The other end of the spectrum is the ill-fated Osprey 1, built by Applied Research and Technology Ltd, which was destroyed during a storm shortly after launch in the North Sea in 1995. It was the world’s first commercial wave powered electricity generator and was hailed as a major leap forward in renewable energy. Sadly the elements had other ideas and the media labelled it a failure.

Twenty years later and the UK is once again looking at ways in which it can increase water’s share of the energy mix to help power the nation’s 26.4 million homes.

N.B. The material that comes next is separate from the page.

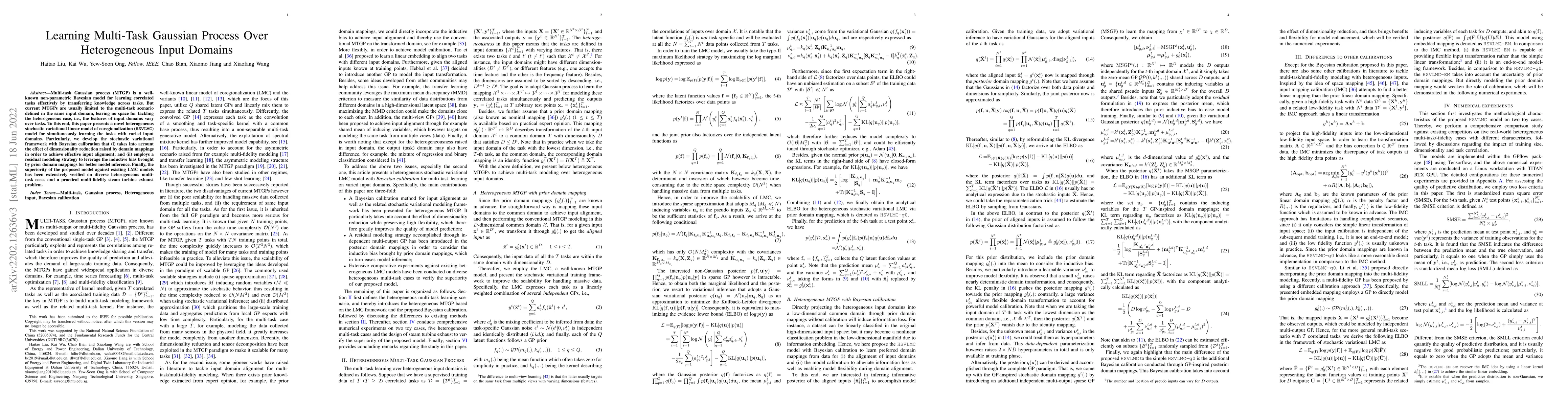 Thumbnail for Learning Multi-Task Gaussian Process Over Heterogeneous Input Domains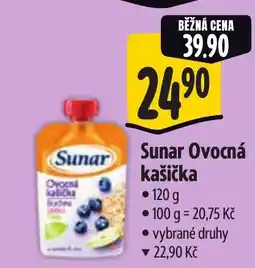 Albert Sunar Ovocná kašička nabídka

With coal firing plants being shut down by the end of the decade and Hinkley Point C years away from completion, new ways of generating reliable clean energy is needed now more than ever.

 

Dam Busters

Innovations in hydro-electric turbines coupled with a long standing criticism of wind power could breathe new life into what is essentially old technology.

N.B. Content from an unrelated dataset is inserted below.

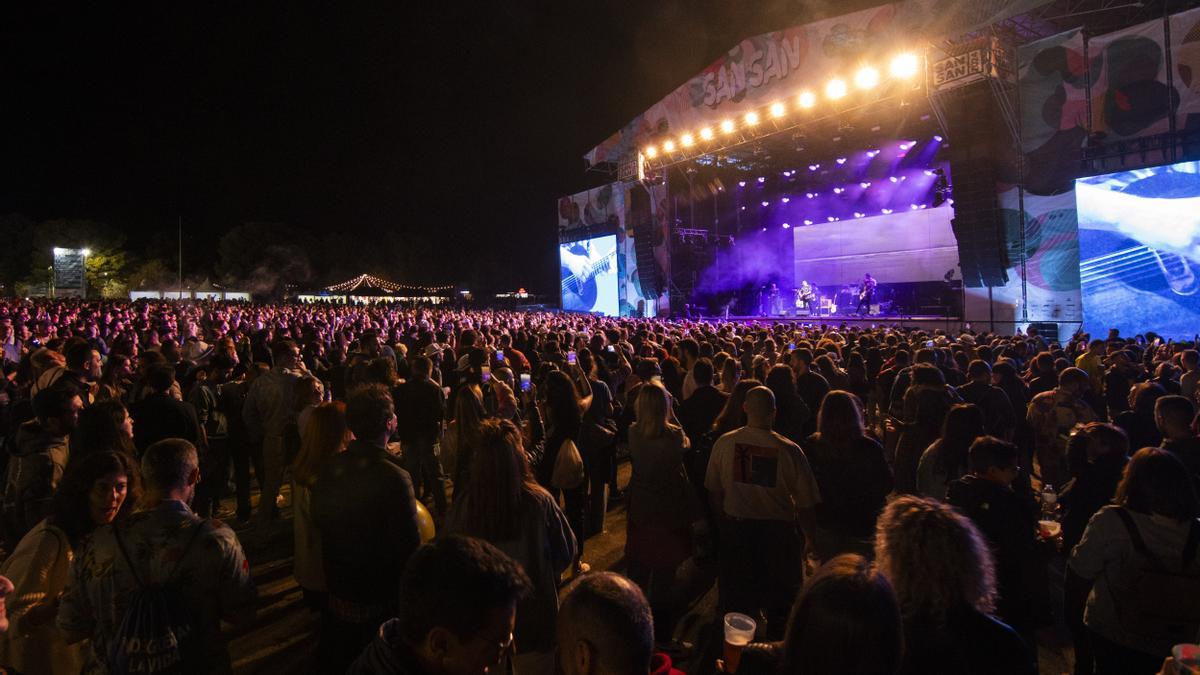 Vista general de un festival en Benicàssim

At present, wind turbines generate power whether it’s needed or not, they have no on demand capacity. By the same token, they generate energy at night when demand is low and thus goes wasted. The solution is using this low demand energy to pump water into hydro-electric reservoirs for energy generation during high demand times.

Impressively using renewable energy to power a renewable energy source is only part of the new wave of science driving the industry. Improvements in turbine technology gives hydro-electric dams the capacity to scale up or scale down electricity production based on demand.

Although other countries have been quick to adopt these turbines, the UK’s own have been largely unchanged for the last forty years.

Were these new turbines to replace the six single speed turbines at the Dinorwig dam in Snowdonia, it could increase energy output, at peak times, by 20%. Similarly, at low demands periods, the turbines could be reverse to pump water back up at significantly less cost than running a separate pumping station.

This lost cost improvement to the countries hydro-electric dams – coupled with expansion of key facilities such as Scotland’s Cruachan facility – could see hundreds, if not thousands, or megawatt hours of energy introduced into the national grid.

 

A Tidal Wave of Innovation

Tidal energy production is as controversial as it gets within the renewable energy sector. The technology is expensive to produce, difficult to maintain and entirely at the mercy of the elements. The Osprey 1 remaining the perfect example of how wrong it can go.

However new schemes are set to tackle the immutable forces of nature by avoiding the very worst she has to offer…

 The well documented Swansea Bay project could potentially generate 320 megawatt hours of energy, powering 155,000 homes. The project has come under fire in recent months as experts have thrown doubt over the effectiveness of the generators in the design of the bay.

Similarly the UK’s departure from the EU could cause the entire project to be moth balled amidst the political uncertainty and power health of the sterling.

The major breakthrough, devised by the University Of Oxford Department Of Engineering Science, utilises ‘tidal fences’ to generate energy.

Rather than the convention turbine/propeller designs of traditional generators, tidal fences use ‘transverse horizontal axis water turbines’ which turn with the ebb and flow of currents which means they’re continually generating electricity.

What makes this technology even more impressive is that it actually works better in shallower, slow moving currents rather than the turbulent open sea – waters the UK has in abundance such as tidal estuaries.

Tidal generators are traditionally expensive to install and maintain due to the often violent nature of the waters surrounding the UK so these new THAWT generators have the potential to negate that all together whilst generating on demand energy.

A single 120m long, 10m wide section of tidal fencing could produce between 4.4 and 5.2 megawatt hours of energy. This doesn’t seem all that impressive however a 1km long fence across the Bristol Channel could produce 30 megawatt hours of energy. Were this to be replicated at sites across the UK it could represent a marked increase in clean energy.

The initial cost for 1km of tidal fencing will cost somewhere in the region of £143 million. This may seem expensive, but consider the fact that tidal fencing needs little to no up keep, or expensive fuel or equally costly disposal and decontamination.

If the £24.5 billion invested into Hinkley Point C was invested on tidal fencing it would generate 942 megawatt hours of energy, so less than a third. However, the scalability far outstrips nuclear power and, most significantly, this is just the first wave. As with breakthroughs in commercial electric cars, each iteration of the tidal fence will see a marked improvement in performance.

Could this be the beginning of the renewable revolution promised to us by Applied Research and Technology all those years ago? We’re not sure but we shall be watching with very keen interest.